Task:
The pictures are to be dropped, and the records below are to be restated word for word.

Records shown:
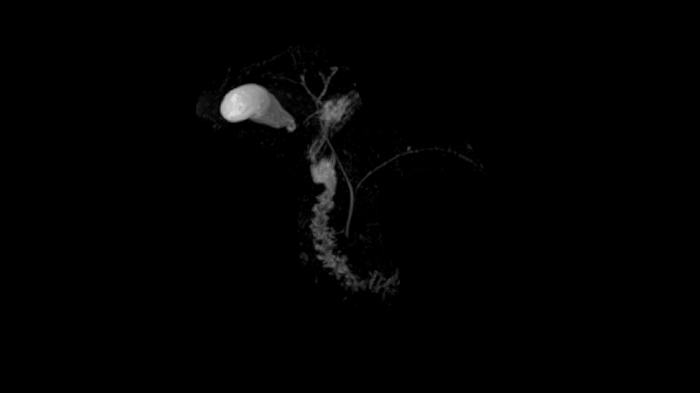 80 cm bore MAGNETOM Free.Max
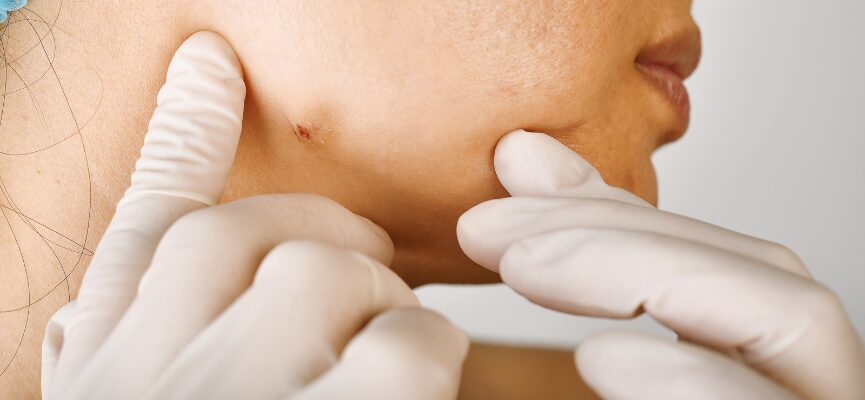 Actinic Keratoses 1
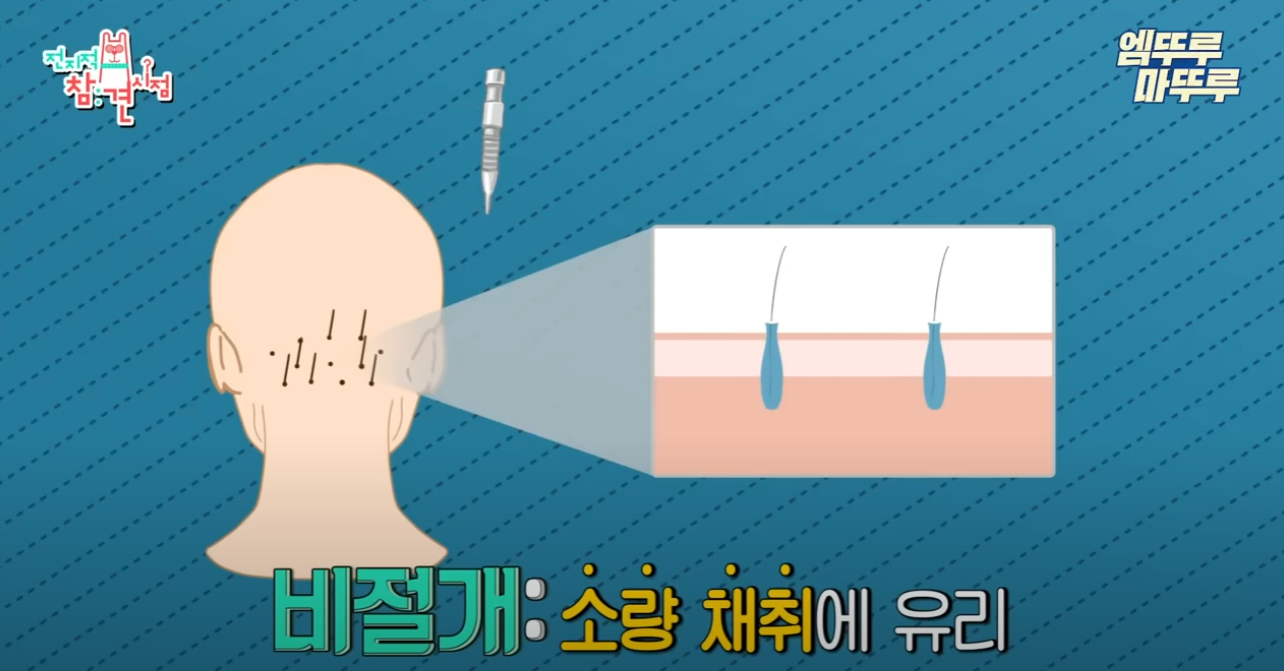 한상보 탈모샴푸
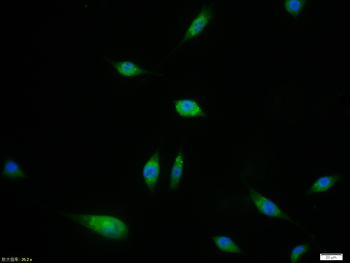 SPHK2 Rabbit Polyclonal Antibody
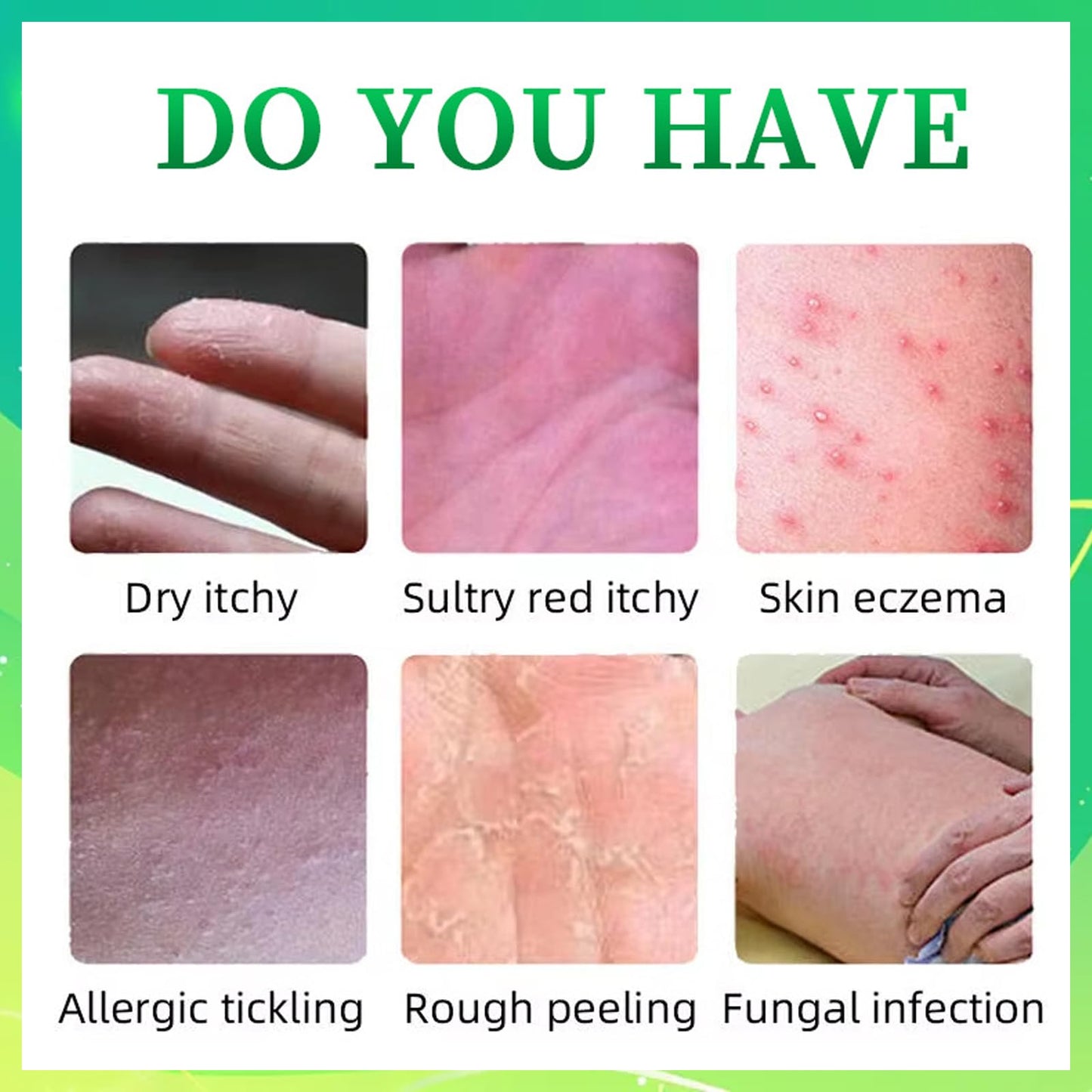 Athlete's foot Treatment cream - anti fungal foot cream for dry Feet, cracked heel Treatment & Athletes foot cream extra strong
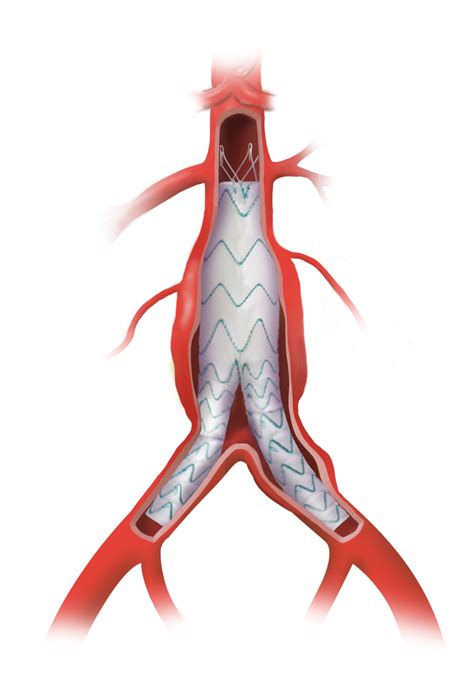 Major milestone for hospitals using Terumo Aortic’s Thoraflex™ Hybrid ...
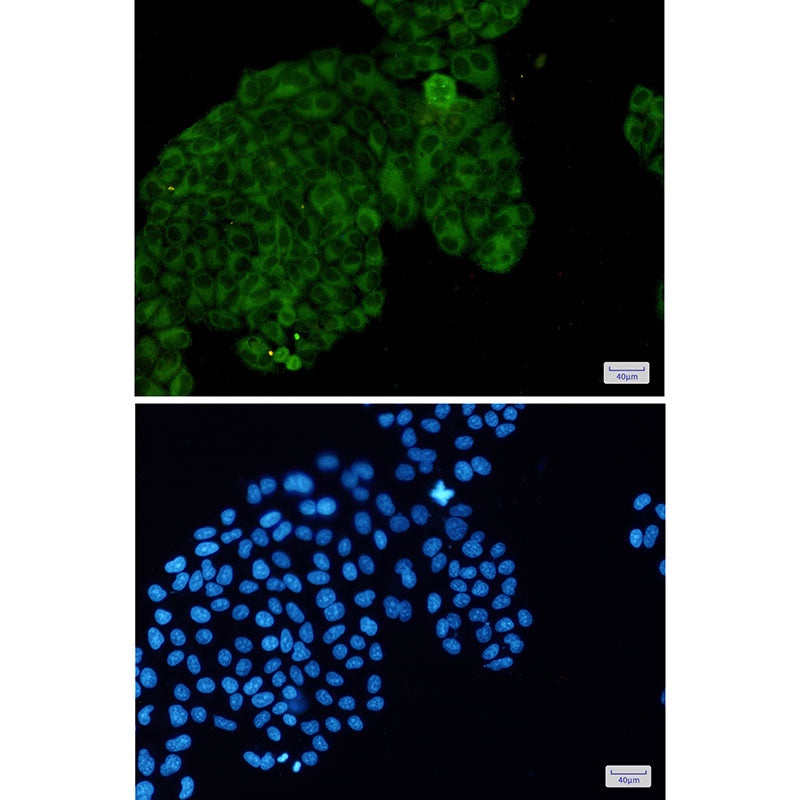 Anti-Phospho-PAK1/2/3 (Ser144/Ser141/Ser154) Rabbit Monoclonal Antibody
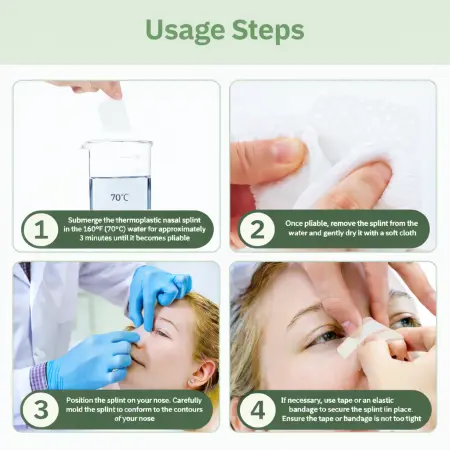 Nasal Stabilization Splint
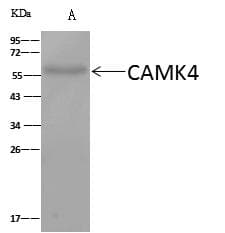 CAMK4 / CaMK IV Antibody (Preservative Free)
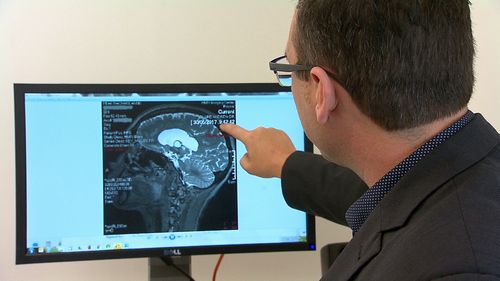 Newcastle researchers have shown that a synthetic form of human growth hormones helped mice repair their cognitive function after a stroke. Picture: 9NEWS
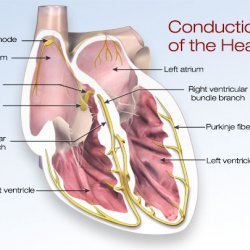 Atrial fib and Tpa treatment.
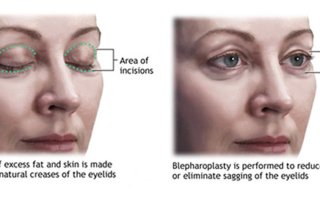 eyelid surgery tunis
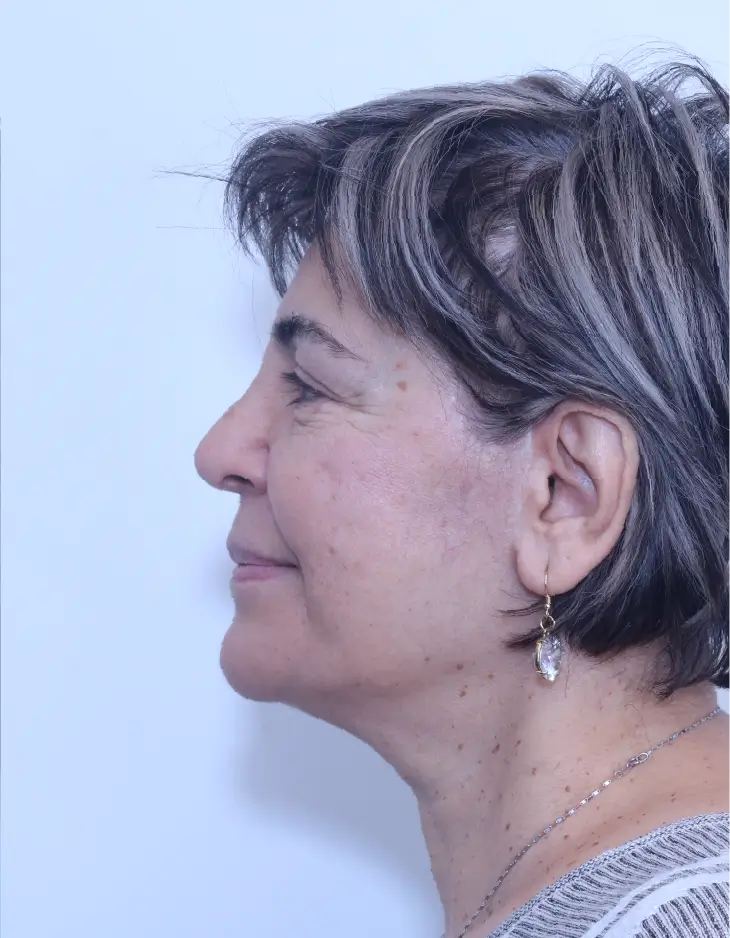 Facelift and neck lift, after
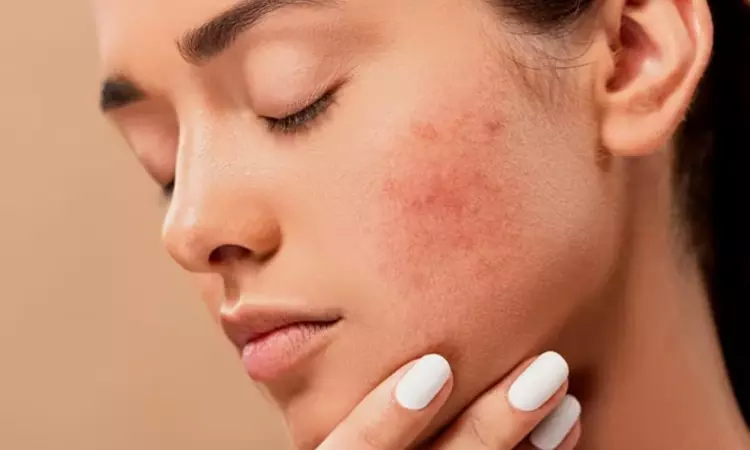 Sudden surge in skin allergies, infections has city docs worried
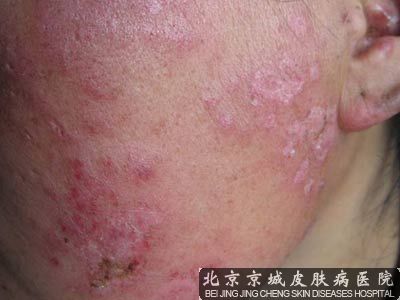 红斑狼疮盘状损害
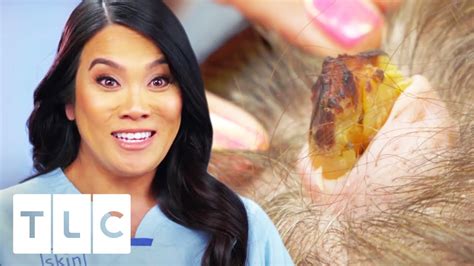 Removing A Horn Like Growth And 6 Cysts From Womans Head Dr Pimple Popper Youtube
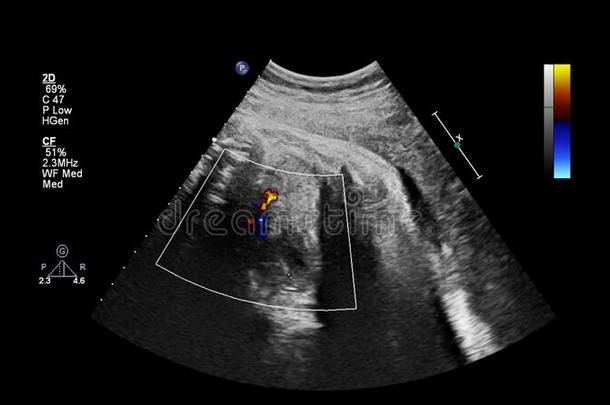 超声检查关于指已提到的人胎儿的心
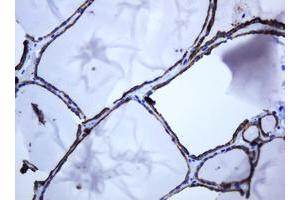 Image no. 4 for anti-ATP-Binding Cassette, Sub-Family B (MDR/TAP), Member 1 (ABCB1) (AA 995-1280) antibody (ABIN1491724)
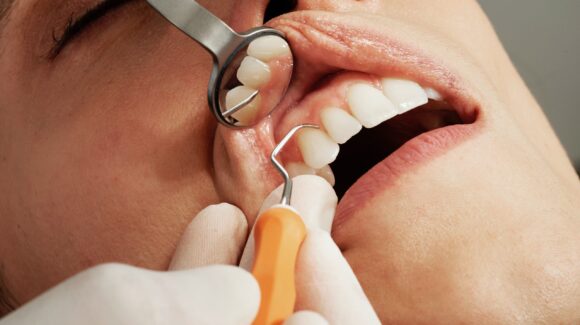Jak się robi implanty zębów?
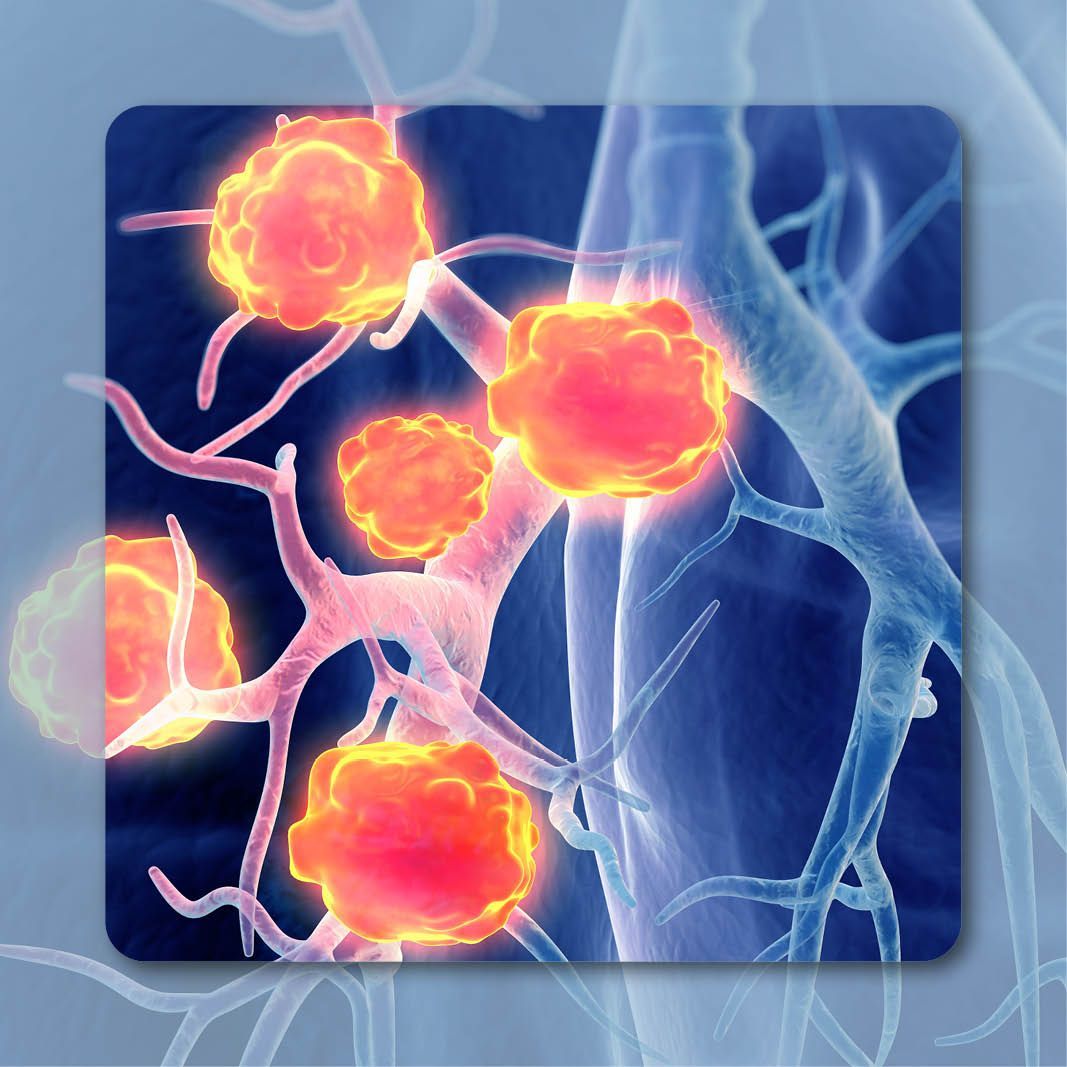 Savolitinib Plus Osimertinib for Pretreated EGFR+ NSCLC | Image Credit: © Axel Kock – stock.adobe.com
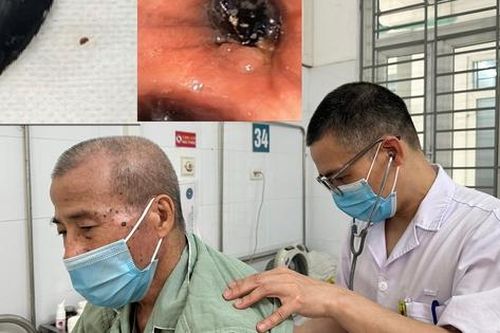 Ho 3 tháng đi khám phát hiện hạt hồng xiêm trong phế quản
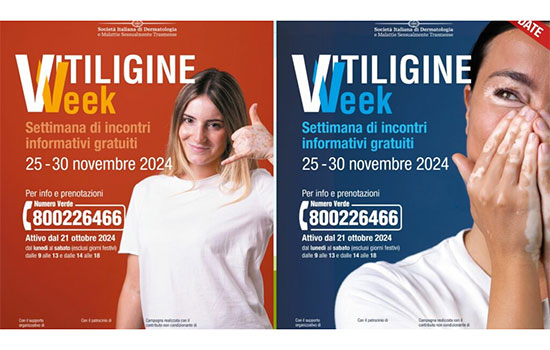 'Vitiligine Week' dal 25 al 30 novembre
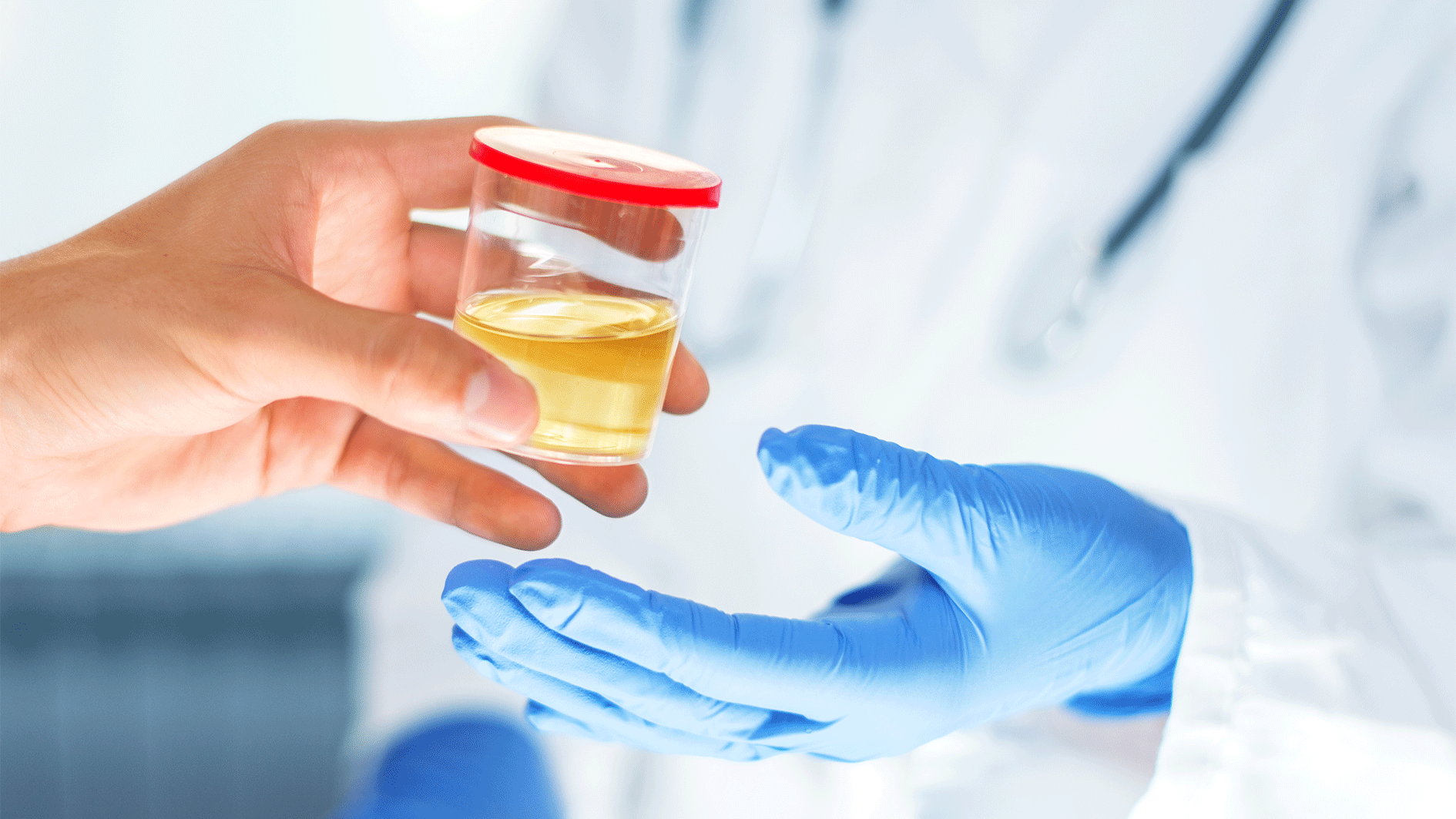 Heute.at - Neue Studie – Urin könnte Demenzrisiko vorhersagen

Response to this task:
 80 cm bore MAGNETOM Free.Max
 Actinic Keratoses 1
 한상보 탈모샴푸
 SPHK2 Rabbit Polyclonal Antibody
 Athlete's foot Treatment cream - anti fungal foot cream for dry Feet, cracked heel Treatment & Athletes foot cream extra strong
 Major milestone for hospitals using Terumo Aortic’s Thoraflex™ Hybrid ...
 Anti-Phospho-PAK1/2/3 (Ser144/Ser141/Ser154) Rabbit Monoclonal Antibody
 Nasal Stabilization Splint
 CAMK4 / CaMK IV Antibody (Preservative Free)
 Newcastle researchers have shown that a synthetic form of human growth hormones helped mice repair their cognitive function after a stroke. Picture: 9NEWS
 Atrial fib and Tpa treatment.
 eyelid surgery tunis
 Facelift and neck lift, after
 Sudden surge in skin allergies, infections has city docs worried
 红斑狼疮盘状损害
 Removing A Horn Like Growth And 6 Cysts From Womans Head Dr Pimple Popper Youtube
 超声检查关于指已提到的人胎儿的心
 Image no. 4 for anti-ATP-Binding Cassette, Sub-Family B (MDR/TAP), Member 1 (ABCB1) (AA 995-1280) antibody (ABIN1491724)
Jak się robi implanty zębów?
 Savolitinib Plus Osimertinib for Pretreated EGFR+ NSCLC | Image Credit: © Axel Kock – stock.adobe.com
 Ho 3 tháng đi khám phát hiện hạt hồng xiêm trong phế quản
 'Vitiligine Week' dal 25 al 30 novembre
 Heute.at - Neue Studie – Urin könnte Demenzrisiko vorhersagen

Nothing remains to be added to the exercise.